DRH, option licenciement


"Aujourd'hui, on embauche des "bac+2" chargés de faire le sale boulot; notamment le sale boulot vis-à-vis des sous-traitants. On forme même, dans une université parisienne, de jeunes étudiants à un diplôme d'études supérieures, c'est à dire à un diplôme de praticien de niveau bac +5, dont le titre est : "DESS de DRH, option licenciement".

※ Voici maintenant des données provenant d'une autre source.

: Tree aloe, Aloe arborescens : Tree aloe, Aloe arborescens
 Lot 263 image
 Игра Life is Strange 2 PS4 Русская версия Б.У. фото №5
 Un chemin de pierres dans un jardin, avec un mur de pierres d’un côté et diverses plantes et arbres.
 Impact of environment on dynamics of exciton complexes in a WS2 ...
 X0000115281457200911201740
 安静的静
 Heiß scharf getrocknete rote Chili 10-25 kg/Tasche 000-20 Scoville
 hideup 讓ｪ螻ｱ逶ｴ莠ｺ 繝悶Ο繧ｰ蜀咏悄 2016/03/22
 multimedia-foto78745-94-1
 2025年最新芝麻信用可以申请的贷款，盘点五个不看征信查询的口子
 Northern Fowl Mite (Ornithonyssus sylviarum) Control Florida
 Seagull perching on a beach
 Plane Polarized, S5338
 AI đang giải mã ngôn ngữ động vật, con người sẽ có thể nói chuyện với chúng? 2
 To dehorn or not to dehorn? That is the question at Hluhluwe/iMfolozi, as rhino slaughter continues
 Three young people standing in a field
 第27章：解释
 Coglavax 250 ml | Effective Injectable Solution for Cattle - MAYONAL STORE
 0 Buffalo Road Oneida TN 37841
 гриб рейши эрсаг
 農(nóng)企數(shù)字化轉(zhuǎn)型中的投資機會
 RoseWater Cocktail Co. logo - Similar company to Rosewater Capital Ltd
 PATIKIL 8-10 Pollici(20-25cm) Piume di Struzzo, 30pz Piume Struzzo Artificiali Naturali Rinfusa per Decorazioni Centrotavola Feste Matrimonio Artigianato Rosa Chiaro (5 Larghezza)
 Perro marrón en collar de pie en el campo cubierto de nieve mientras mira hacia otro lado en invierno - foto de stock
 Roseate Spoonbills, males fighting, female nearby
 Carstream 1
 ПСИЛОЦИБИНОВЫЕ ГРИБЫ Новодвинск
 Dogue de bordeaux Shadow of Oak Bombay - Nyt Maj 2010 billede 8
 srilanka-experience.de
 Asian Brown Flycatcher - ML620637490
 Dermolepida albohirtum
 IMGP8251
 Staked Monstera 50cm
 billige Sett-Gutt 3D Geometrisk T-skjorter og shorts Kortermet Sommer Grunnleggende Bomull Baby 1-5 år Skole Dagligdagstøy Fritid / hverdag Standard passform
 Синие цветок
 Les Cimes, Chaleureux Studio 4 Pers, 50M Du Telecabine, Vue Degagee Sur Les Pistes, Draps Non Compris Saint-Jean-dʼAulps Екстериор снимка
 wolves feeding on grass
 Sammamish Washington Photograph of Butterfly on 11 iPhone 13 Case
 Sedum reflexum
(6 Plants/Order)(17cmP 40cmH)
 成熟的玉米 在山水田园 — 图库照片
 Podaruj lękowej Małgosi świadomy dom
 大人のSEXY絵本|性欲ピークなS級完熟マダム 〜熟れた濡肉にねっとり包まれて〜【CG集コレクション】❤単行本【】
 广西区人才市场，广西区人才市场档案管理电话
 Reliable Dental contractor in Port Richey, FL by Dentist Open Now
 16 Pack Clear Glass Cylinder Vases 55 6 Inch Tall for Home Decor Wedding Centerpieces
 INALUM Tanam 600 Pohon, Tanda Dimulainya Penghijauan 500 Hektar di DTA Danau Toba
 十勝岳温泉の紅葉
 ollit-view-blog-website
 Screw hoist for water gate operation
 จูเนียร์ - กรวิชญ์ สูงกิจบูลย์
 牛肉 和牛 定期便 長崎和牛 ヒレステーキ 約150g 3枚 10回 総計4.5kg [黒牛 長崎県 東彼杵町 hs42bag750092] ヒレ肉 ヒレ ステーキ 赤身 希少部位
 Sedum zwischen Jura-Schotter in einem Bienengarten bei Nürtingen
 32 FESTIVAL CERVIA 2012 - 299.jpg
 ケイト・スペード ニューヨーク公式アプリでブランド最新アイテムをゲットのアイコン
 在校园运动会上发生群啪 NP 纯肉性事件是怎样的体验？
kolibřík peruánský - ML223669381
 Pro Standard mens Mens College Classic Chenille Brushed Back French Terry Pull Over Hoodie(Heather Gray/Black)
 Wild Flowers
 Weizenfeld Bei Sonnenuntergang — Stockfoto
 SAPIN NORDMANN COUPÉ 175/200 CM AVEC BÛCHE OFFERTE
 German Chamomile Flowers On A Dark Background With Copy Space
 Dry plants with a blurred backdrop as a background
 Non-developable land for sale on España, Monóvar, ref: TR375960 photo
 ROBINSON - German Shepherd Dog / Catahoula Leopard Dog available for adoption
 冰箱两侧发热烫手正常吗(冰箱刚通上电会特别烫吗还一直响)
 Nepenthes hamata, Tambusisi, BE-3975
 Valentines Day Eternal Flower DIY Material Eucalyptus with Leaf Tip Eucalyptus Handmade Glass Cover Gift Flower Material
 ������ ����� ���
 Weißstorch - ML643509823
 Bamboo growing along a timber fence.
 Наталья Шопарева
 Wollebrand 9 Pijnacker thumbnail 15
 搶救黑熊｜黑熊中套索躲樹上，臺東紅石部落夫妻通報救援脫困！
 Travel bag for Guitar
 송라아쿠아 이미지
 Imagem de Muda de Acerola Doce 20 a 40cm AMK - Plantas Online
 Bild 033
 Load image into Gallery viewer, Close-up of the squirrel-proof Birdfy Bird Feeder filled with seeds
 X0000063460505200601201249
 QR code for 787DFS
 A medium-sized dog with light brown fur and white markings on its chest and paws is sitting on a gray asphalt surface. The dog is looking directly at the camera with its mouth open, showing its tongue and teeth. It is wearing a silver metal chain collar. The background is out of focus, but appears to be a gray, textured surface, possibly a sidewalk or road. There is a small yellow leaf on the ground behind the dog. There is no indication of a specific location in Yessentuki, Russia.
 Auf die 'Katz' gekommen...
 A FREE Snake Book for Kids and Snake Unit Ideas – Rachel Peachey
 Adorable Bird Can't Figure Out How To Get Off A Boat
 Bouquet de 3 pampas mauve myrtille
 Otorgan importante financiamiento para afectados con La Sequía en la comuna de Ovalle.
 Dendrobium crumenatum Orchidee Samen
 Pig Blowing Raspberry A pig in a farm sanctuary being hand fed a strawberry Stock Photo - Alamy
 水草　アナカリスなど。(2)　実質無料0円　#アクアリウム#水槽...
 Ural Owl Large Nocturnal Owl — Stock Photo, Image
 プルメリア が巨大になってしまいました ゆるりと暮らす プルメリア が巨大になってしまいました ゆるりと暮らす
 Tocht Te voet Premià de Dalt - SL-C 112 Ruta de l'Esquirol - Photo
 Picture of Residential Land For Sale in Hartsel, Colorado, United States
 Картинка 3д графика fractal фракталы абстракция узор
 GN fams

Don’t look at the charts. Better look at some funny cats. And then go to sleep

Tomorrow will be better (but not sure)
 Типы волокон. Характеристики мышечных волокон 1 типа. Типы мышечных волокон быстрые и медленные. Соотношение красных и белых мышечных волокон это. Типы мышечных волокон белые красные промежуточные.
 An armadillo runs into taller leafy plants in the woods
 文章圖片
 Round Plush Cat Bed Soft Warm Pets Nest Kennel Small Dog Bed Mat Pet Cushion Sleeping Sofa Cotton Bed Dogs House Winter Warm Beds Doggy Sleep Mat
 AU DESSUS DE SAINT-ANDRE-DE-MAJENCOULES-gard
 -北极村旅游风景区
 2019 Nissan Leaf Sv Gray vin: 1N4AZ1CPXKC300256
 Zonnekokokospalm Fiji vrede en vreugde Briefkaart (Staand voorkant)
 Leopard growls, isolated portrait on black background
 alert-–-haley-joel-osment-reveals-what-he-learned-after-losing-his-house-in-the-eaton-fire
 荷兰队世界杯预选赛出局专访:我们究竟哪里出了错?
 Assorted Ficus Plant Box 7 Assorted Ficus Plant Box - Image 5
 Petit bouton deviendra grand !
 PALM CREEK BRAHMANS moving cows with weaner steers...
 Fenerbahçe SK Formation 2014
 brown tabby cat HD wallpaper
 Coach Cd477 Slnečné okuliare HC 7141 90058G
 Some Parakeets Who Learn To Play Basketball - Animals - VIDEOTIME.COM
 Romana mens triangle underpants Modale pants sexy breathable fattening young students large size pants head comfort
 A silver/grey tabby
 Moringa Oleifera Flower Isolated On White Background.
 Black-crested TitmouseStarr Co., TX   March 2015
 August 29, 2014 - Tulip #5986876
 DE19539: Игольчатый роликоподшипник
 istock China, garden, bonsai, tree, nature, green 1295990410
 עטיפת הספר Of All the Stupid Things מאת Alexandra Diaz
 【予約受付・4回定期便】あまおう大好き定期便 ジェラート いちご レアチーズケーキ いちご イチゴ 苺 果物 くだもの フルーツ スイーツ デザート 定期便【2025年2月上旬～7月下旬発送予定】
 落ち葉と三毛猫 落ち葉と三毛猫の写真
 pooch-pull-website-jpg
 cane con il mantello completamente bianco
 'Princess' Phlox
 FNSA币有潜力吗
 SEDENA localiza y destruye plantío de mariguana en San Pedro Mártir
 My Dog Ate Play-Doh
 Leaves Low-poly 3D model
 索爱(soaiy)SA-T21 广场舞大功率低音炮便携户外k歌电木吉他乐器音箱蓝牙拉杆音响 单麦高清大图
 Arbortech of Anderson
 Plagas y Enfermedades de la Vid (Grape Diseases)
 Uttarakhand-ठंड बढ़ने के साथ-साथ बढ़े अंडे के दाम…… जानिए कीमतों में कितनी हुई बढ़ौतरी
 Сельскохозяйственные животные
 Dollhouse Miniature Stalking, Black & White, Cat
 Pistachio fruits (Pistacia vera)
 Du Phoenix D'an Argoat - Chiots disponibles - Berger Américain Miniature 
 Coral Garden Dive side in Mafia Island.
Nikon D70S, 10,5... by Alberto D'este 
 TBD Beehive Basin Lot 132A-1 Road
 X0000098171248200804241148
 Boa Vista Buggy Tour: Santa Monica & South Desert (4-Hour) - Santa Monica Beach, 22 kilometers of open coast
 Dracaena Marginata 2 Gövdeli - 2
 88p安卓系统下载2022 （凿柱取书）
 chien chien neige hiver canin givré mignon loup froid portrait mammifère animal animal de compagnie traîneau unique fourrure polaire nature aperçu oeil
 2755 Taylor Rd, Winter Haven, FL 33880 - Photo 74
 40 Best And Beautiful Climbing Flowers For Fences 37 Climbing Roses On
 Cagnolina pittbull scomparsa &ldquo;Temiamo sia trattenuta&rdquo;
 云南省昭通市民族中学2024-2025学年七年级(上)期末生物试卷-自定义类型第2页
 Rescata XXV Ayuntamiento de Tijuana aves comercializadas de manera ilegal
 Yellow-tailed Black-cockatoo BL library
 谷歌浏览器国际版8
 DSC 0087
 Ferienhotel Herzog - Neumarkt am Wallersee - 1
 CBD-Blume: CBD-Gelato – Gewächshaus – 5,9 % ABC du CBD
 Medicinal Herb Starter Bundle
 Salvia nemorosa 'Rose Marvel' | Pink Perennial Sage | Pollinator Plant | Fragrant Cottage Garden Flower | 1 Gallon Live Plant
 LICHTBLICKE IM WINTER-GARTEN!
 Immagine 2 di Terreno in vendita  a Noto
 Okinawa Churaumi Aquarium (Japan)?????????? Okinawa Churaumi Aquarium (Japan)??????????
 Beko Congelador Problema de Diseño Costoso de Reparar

De sorte qu'une fraction de la population, notamment des jeunes, privés de transmission de la mémoire du passé par les anciens qui ont été écartés de l'entreprise, se trouve ainsi conduite à apporter son concours au "sale boulot", toujours au nom du réalisme économique, et de la conjoncture. Ils plaident tous, nolens volens, en faveur de la thèse de la causalité systémique et économique, à l'origine du malheur social actuel. Commettre l'injustice au quotidien contre les sous-traitants, menacer ceux qui travaillent de licenciement, assurer la gestion de la peur comme ingrédient de l'autorité, du pouvoir et de la fonction stratégique, apparaissent comme une banalité pour les jeunes embauchés qui ont été sélectionnés par l'entreprise. Le recrutement de jeunes diplômés, sélectionnés facilement sur des critères idéologiques qui ne se veulent pas tels parmi la masse des candidats en recherche d'emploi, l'absence de transmission de mémoire collective à cause du licenciement des anciens, et l'effacement des traces dont il a été question au chapitre consacré à la stratégie de la distorsion communicationnelle, forment un dispositif efficace pour éviter la discussion sur les pratiques managériales dans l’espace public."

Christophe Dejours, Souffrance en France, la banalisation de l'injustice sociale, Points, page 135.